Note: this post contains a lot of opinions about writing Python code. I don’t want to add “IMHO” to every sentence, so take everything in this post as simply my opinions on the matter, rather than attempts to promote some universal truths :) Also, I’m not claiming that the presented ideas were all invented in Rust, they are also used in other languages, of course.

Type hints

The first and foremost thing is using type hints where possible, particularly in function signatures and class attributes. When I read a function signature looking like this:

def find_item(records, check):

I have no idea what is going on from the signature itself. Is records a list, a dict or a database connection? Is check a boolean, or a function? What does this function return? What happens if it fails, does it raise an exception, or return None? To find answers to these questions, I either have to go read the function body (and often recursively the bodies of other functions it calls – this is quite annoying), or read its documentation (if there is any). While the documentation might contain useful information about what the function does, it shouldn’t be necessary to also use it for documenting answers to the previous questions. A lot of them can be answered by a built-in mechanism – type hints.

def find_item(
  records: List[Item],
  check: Callable[[Item], bool]
) -> Optional[Item]:

Did it take me more time to write the signature?

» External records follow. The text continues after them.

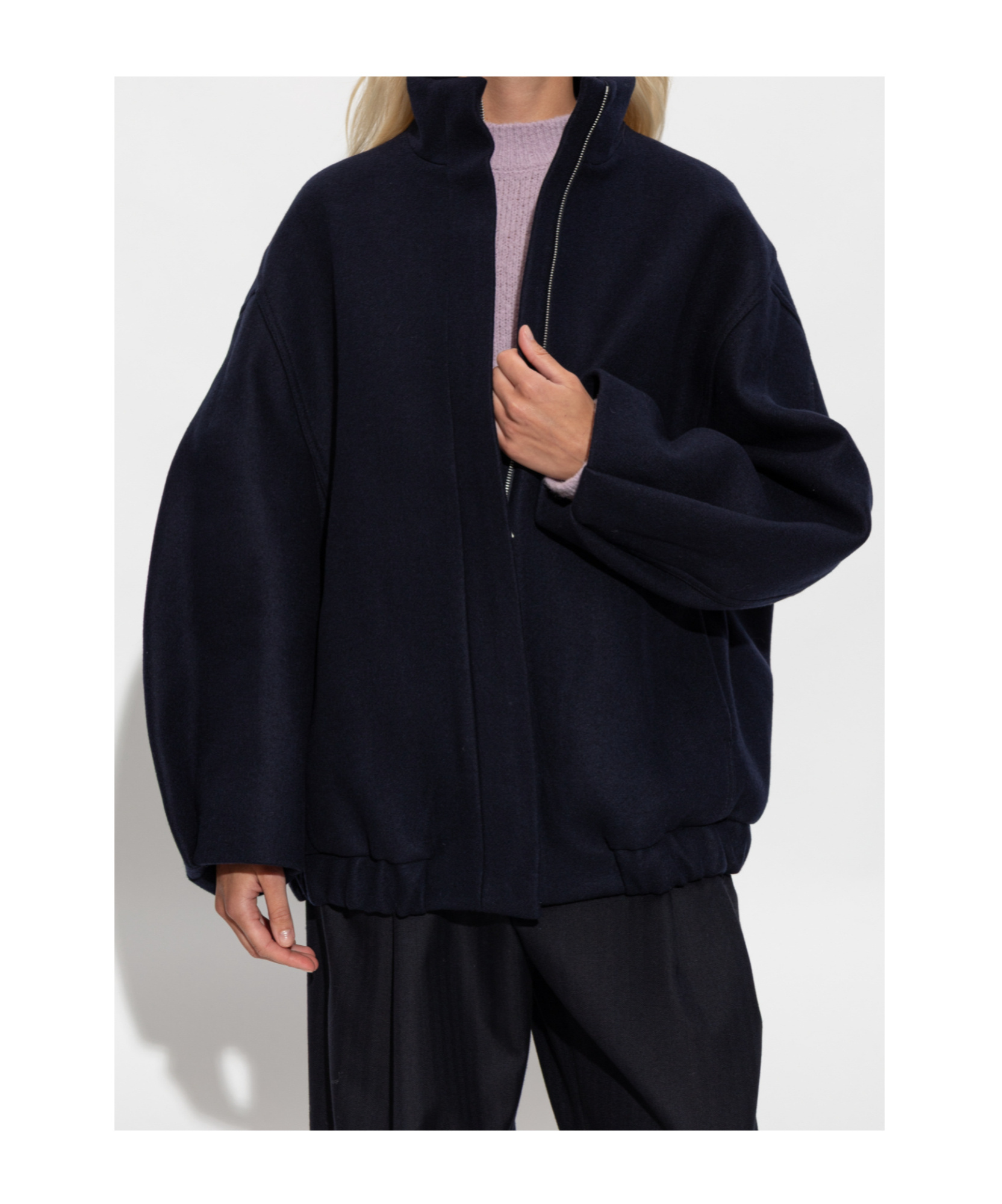 Dries Van Noten Long Sleeve Casual Jacket In Blue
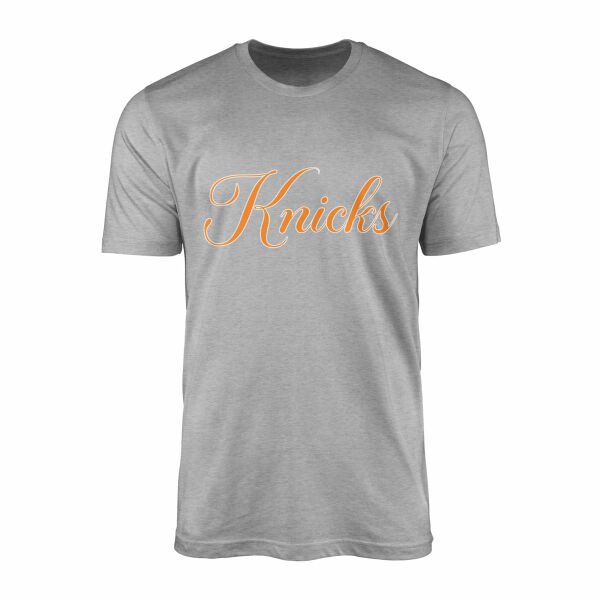 Knicks Cursive Tişört XL - Gri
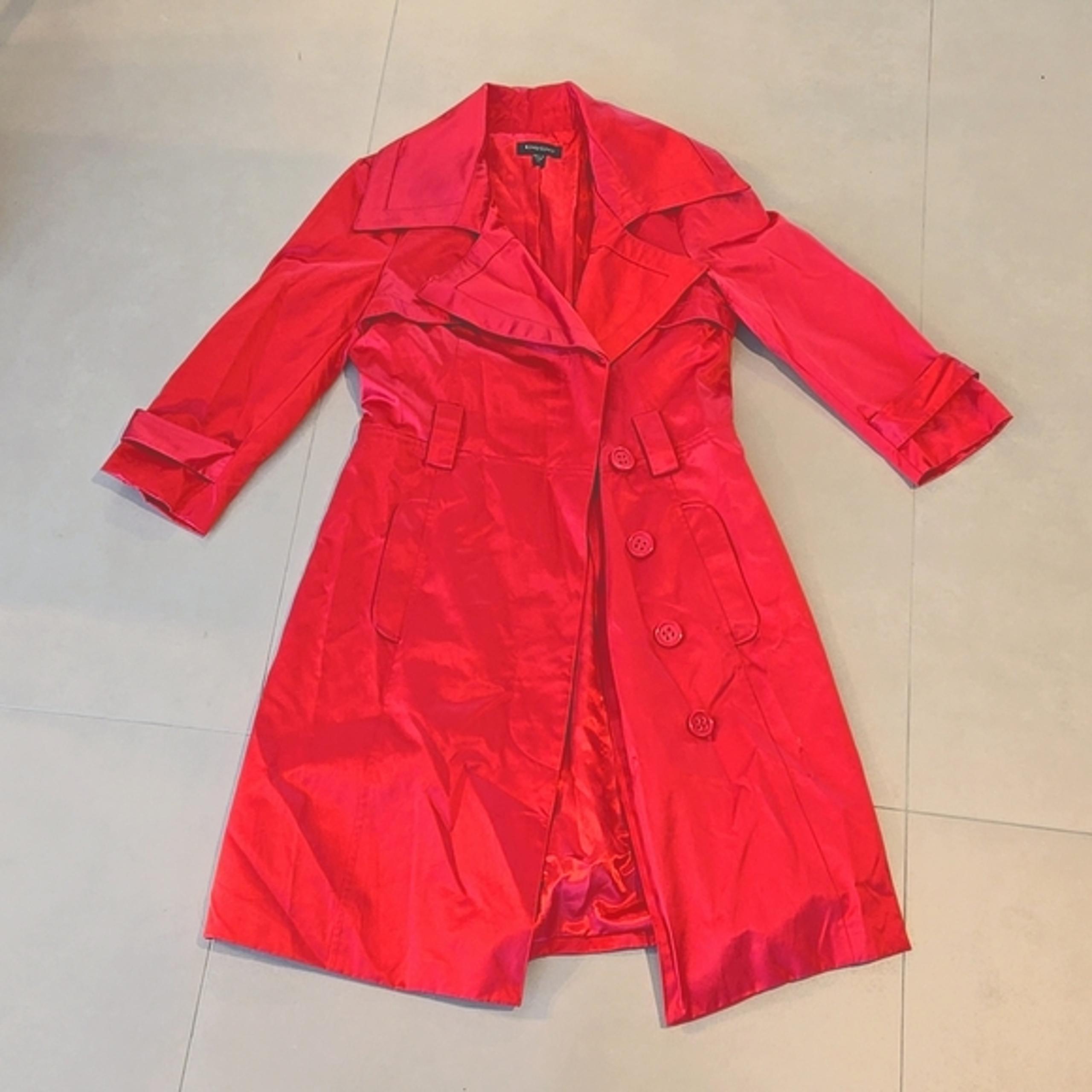 Bebe Gorgeous Red Long Sleeves Trench Coat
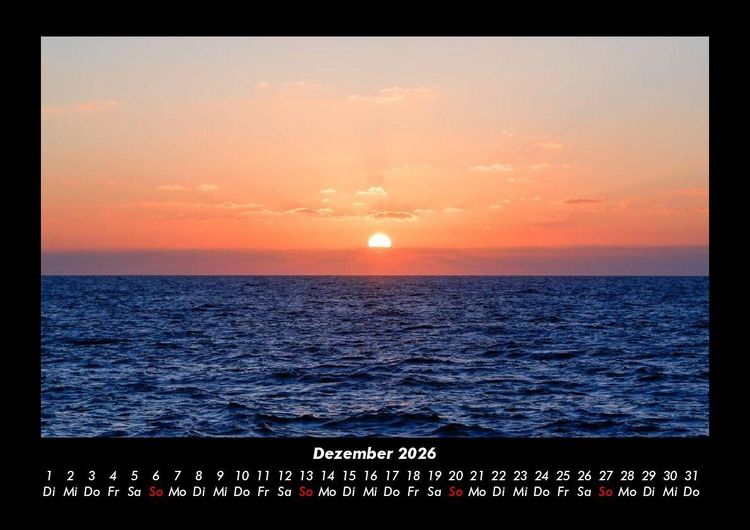 Produktbild: Sonnenunterg&auml;nge 2026 Fotokalender DIN A3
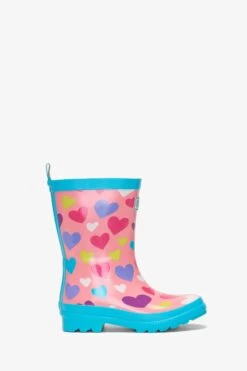 Hatley Pink Colourful Hearts My 1st Rain Boots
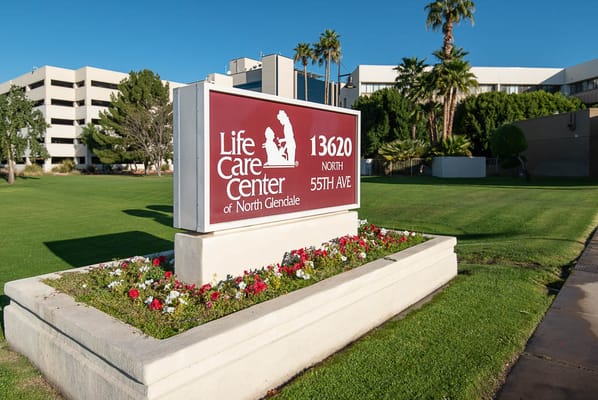 Exterior sign of Life Care Center of North Glendale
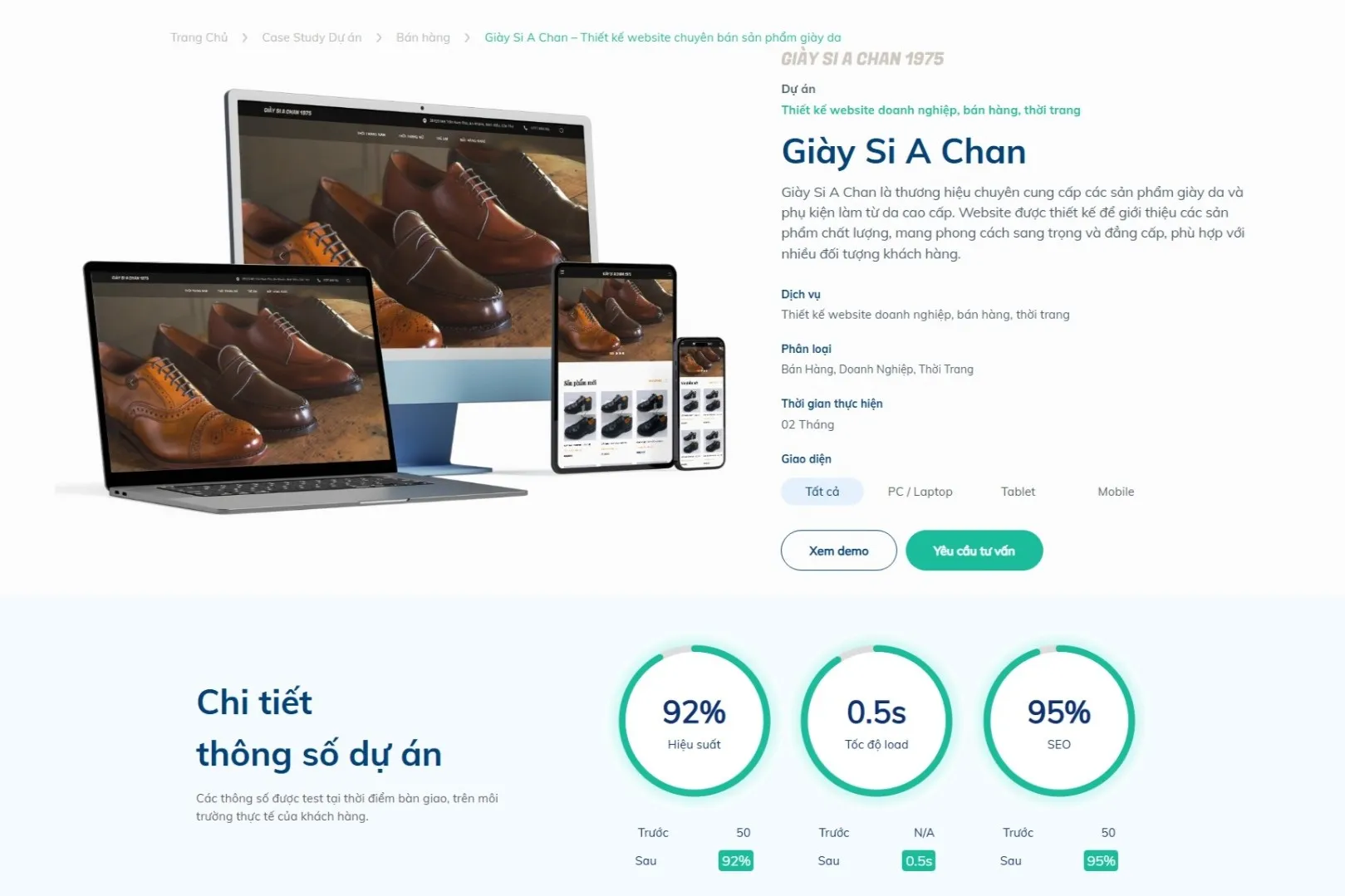 Giày Si A Chan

Yes. Is that a problem? No, unless my coding is bottlenecked by the number of characters I write per minute, and that doesn’t really happen. Writing out the types explicitly forces me to think about what will be the actual interface provided by the function, and how can I make it as strict as possible, to make it hard for its callers to use it in a wrong way. With the signature above, I can get a pretty good idea how can I use the function, what to pass it as arguments, and what can I expect to be returned from it. Furthermore, unlike a doc comment, which can get easily out of date when the code changes, when I change the types and don’t update the callers of the function, the typechecker will yell at me¹. And if I’m interested in what is Item, I can just use Go to definition and immediately see how does that type look like.

Now, I’m not a ~~sith~~ absolutist in this regard, and if it takes five nested type hints to describe a single parameter, I will usually just give up and give it a simpler, albeit imprecise type. In my experience, this situation does not happen that often. And if it does happen, it can actually signal a problem with the code – if your function parameter can be a number, a tuple of strings or a dictionary mapping strings to integers, it can be a sign that you might want to refactor and simplify it.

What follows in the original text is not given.